On Tuesday a United States Senate subcommittee learned that $29 million in bad bonuses were paid out.
National Guard units across the country were struggling to meet recruiting quotas during the wars in Iraq and Afghanistan, so the Army set up a bonus program for soldiers to refer friends and family to enlist. However, not all the bonuses ended up where they were supposed to go.
“We now know that thousands of service members, friends and family members may have participated in schemes to defraud the government they served and the taxpayers,” said Missouri Sen. Claire McCaskill.
In Colorado several guardsmen have now been charged, including 25-year-old Christopher Clark, 38-year-old Jerry Gerome Wilson and 29-year-old Luke Peelgrane. The amounts they are accused of stealing vary up to $43,000.
Documents filed in federal court also indicate that guardsman Thurman Foster is awaiting sentencing after agreeing to pay back $31,000 in recruiting bonus he didn’t deserve.
“It’s unfortunate the system is clouded with the alleged fraud. It’s not in keeping with the values of certainly honesty and integrity that we hold very sacred,” said Colorado National Guard Sgt. Major Rob Lawrence.
Three of those charged in Colorado allegedly obtained information from a recruiting office in Thornton and signed up for bonuses for people they didn’t recommend to enlist.
“Ninety-eight-point-five percent of our great soldiers and some of the greatest patriots in America did the right things and it was some dunderheads, about 1.5 percent that caused this problem,” said former director of the Army National Guard Lt. Gen. Clyde A. Vaughn.

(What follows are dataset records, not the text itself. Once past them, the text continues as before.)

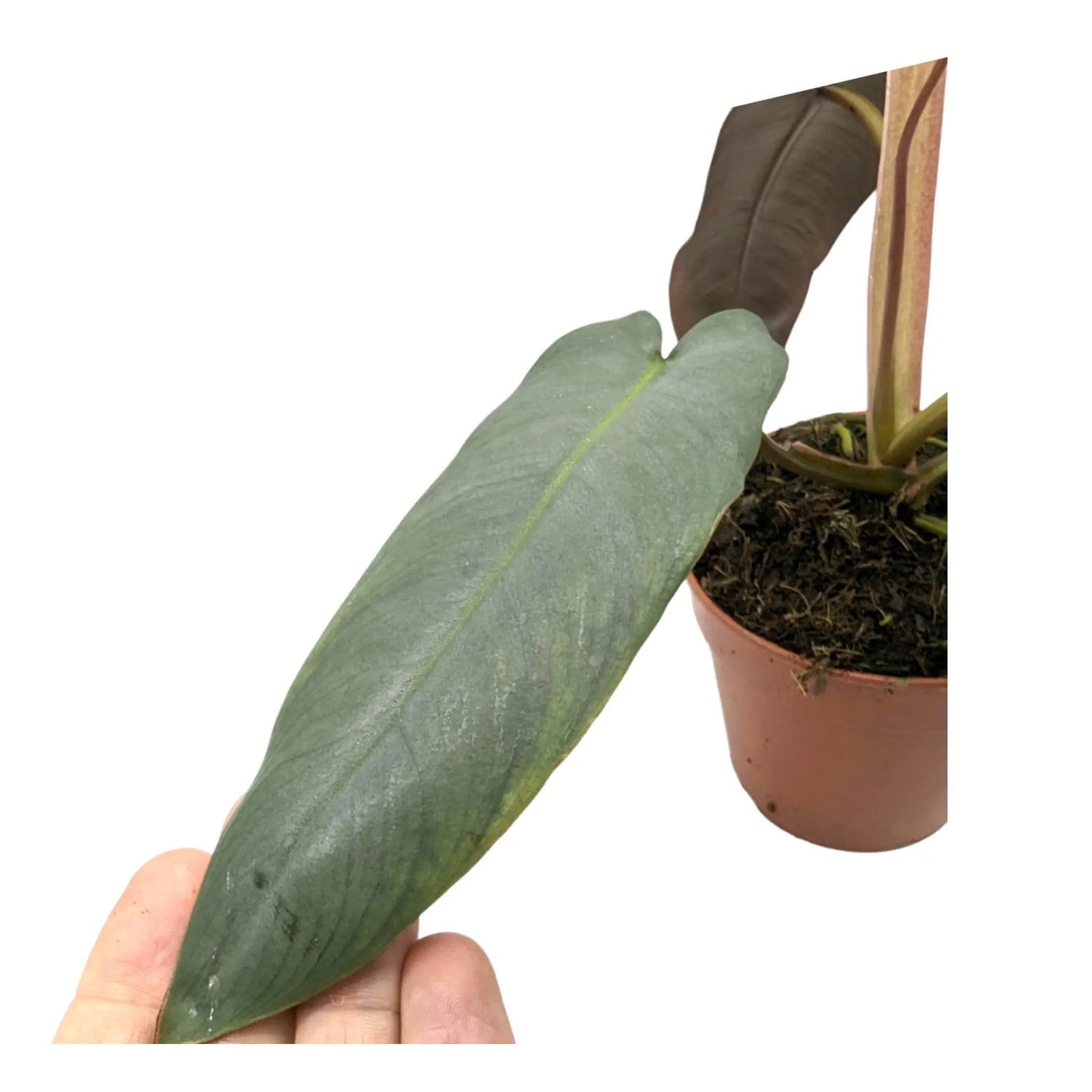 Philodendron atabapoense Leaf Culture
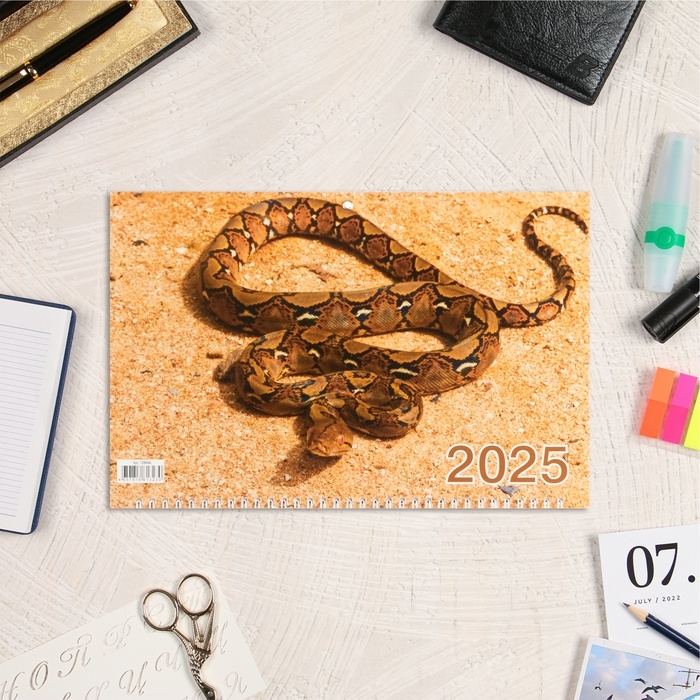 Календарь квартальный, трио Календарь квартальный, трио "Символ года - 4" 2025, 69 х 31 см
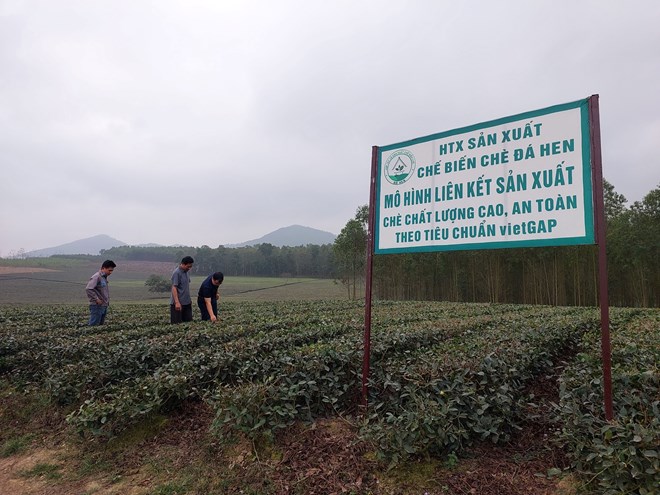 HTX Chè Đá Hen đã phát triển theo chuỗi giá trị khép kín.
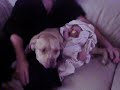 Pit bull attack 3 week old baby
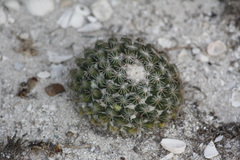 Mammillaria gaumeri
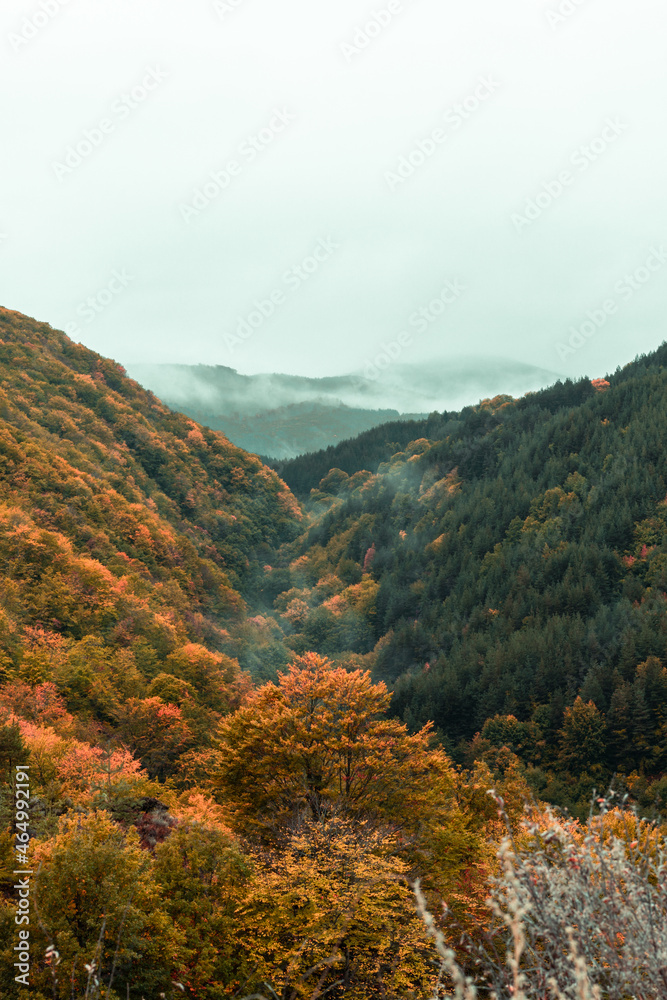 Landscape of the Bulgarian mountains in one of the national parks.
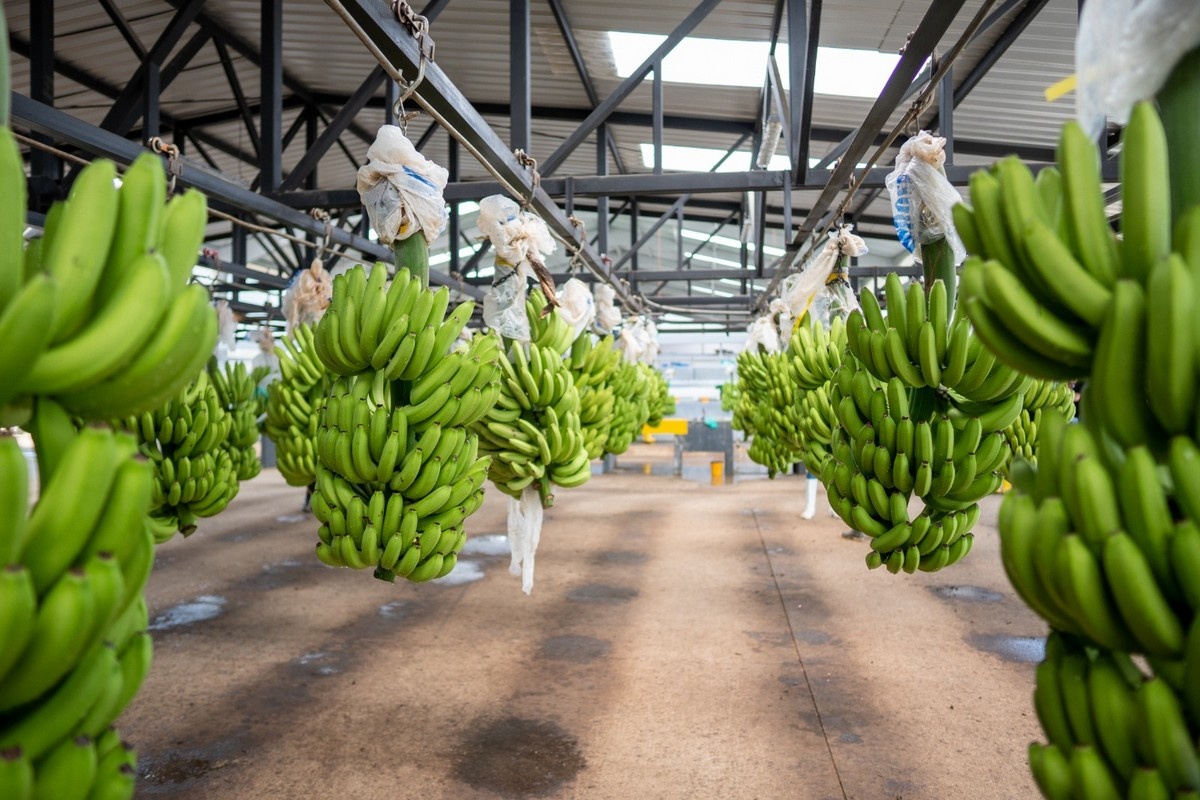 TR4 gedetecteerd op bananenplantage in Ecuador: sector in hoogste staat van paraatheid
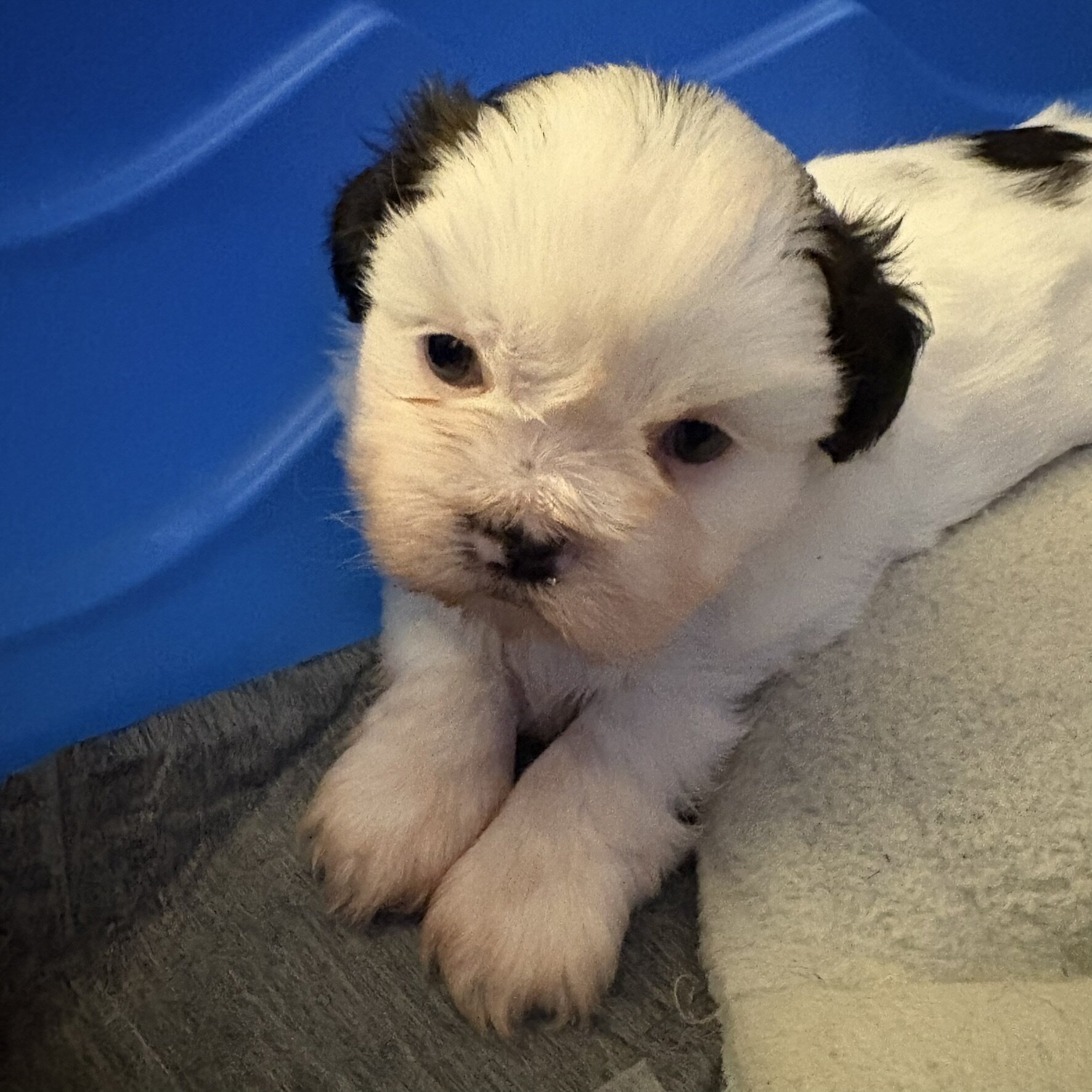 Shih Tzu Puppies looking for a loving home image 7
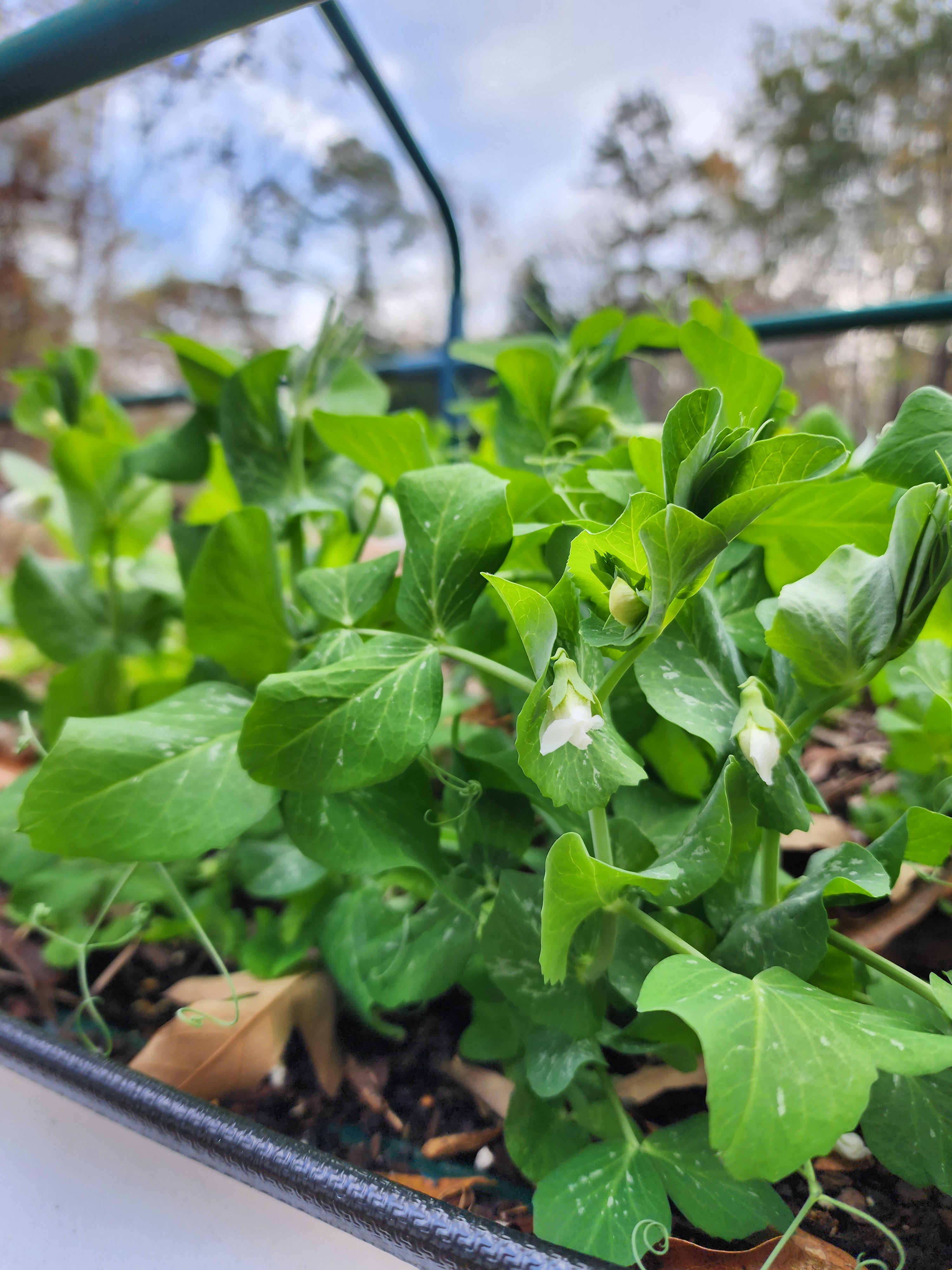 Tom Thumb Dwarf Peas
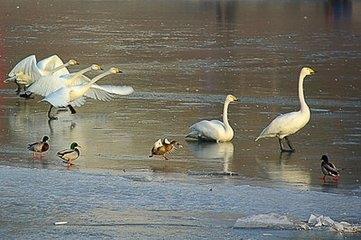 美丽的孔雀河,古时的饮马河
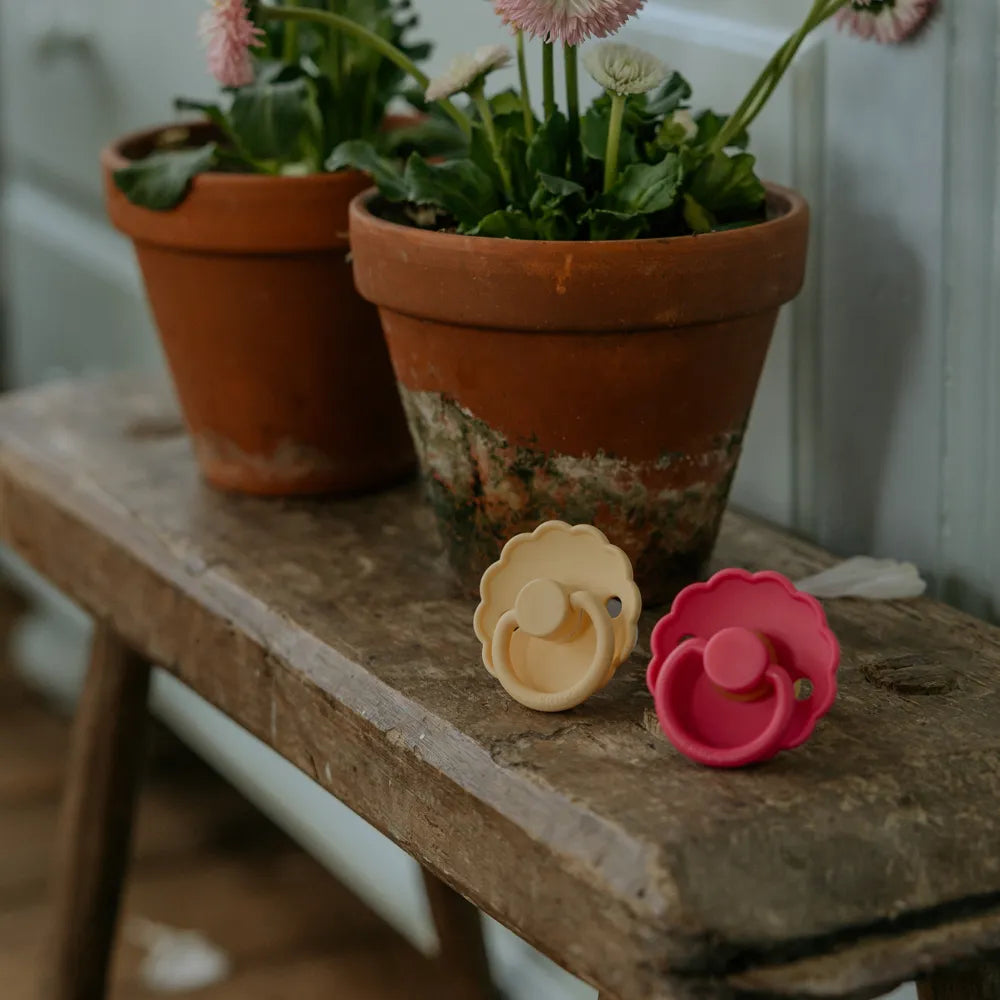 FRIGG Daisy - Pale Daffodil/Fuchsia - 2-pak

In many of the cases prosecutors maintain those receiving the bonuses didn’t have any contact with the enlistees that they received credit for recruiting.
Greg Graf, the attorney for guardsman Luke Peelgrane, told CBS4 his client was in touch and is not guilty of the charges that have been filed.
The investigation is not the first dealing with a recruiting scandal tied to the Army. In 2005 CBS4 revealed fraud by active duty Army recruiters that were instructing potential enlistees to create phony diplomas and teaching them how to beat drug tests.